### Exercise details
Please give every line below again exactly, but not its pictures.

### Exercise data
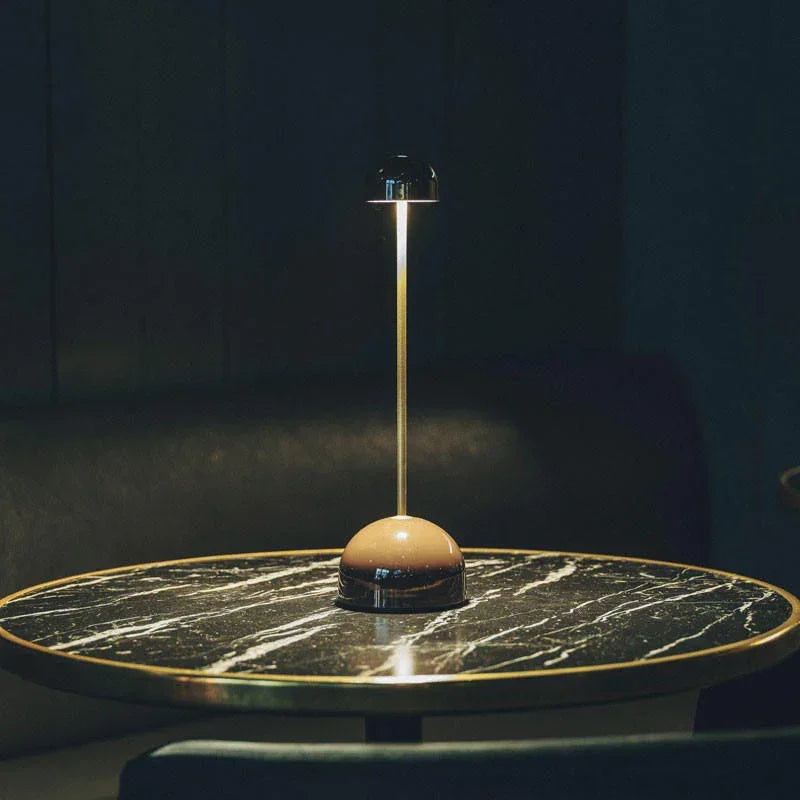 Marset Sips Portable Table Lamp | All Square Lighting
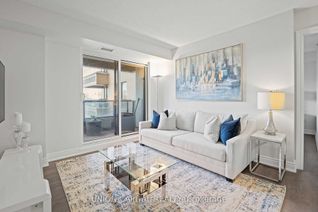 Condo Apartment for Sale, 760 Sheppard Ave W #203, Toronto, ON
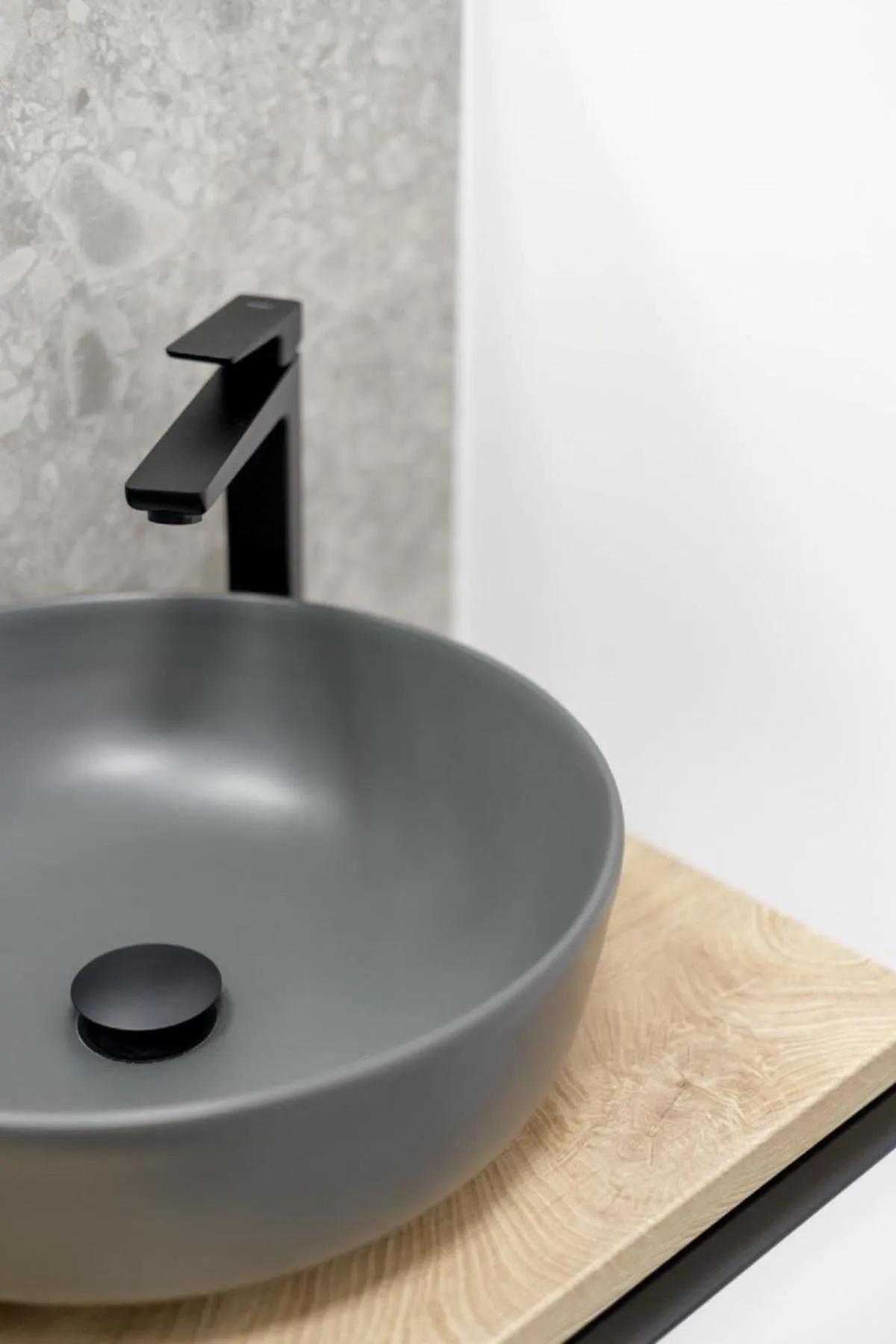 Bathroom in Apartamenty L11, Limanowskiego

### Result of this task
 Marset Sips Portable Table Lamp | All Square Lighting
 Condo Apartment for Sale, 760 Sheppard Ave W #203, Toronto, ON
 Bathroom in Apartamenty L11, Limanowskiego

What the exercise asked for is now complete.